WURTELE, JOSIAS, merchant, landowner, and seigneur; b. 11 April 1760 at Strümpfelbach (Federal Republic of Germany), son of Jacob and Elisabetha Wurtele; m. first Catherine Andrews, and they had ten children; m. secondly 30 April 1814 Eleonor Ramsay at Quebec, and they had at least two children; d. 30 May 1831 in Montreal.

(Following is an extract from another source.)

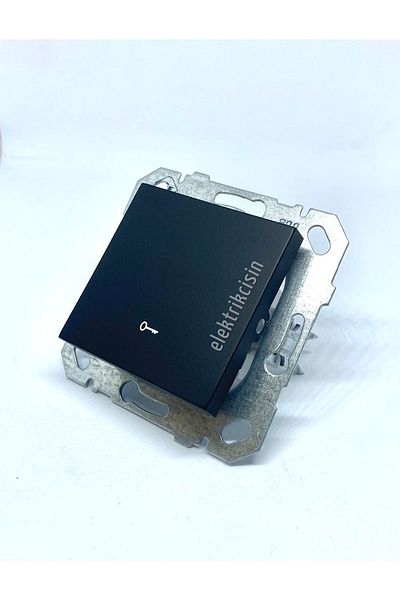Netelsan Byobu Black Bell - Light Switch (EXCLUDING FRAME) 1 Piece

Several members of the Wurtele family immigrated to the province of Quebec in the 1780s. Some chose to settle in Montreal but Josias, like his brother John, picked Quebec where his uncle Jonathan Eckart, who sold tobacco and sundries, was living. Eckart owned a house and retail business on Rue Buade which Josias inherited in 1795. The next year Wurtele added to his property by buying a house on Rue Saint-Louis and obtaining the grant of a lot on that street from the Ursulines. In 1799 he paid £500 for his brother’s house, which was also on Rue Buade. Later Wurtele purchased two lots in the faubourg Saint-Jean, one stone house at the corner of Rue Saint-Stanislas and Rue Sainte-Anne, and another in the faubourg Saint-Vallier. He also acquired two stone houses in the faubourg Saint-Laurent in Montreal.

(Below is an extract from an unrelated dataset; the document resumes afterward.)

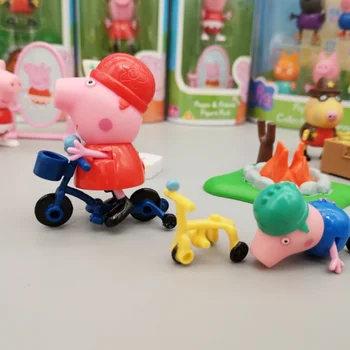 Autentic Cutie de Porc S kawaii Peppa Pig Jucărie pentru Copii Peppa Pig Copii Jucărie Jucărie Pirat Doctor Bicicleta Figura Anime pentru Copii Cadouri Imagine 2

In 1800 Wurtele began buying land in the Eastern Townships. He sought out chiefly militia veterans who had each received a 400-acre lot there from the government for their service in the War of American Independence. In this race for land Wurtele joined forces with John Savage, whose task was to explore the townships and advise Wurtele on the quality of the land as well as the price of lots. The two men split profits and losses. Over a ten-year period Wurtele bought 50,245 acres in this way, mainly in the townships of Windsor, Granby, Somerset, and Milton, but also in those of Chester, Auckland, Stoke, Nelson, Halifax, and Grantham. As well, in 1830 he owned five lots totalling 860 acres in Gloucester and Hawkesbury townships, Upper Canada.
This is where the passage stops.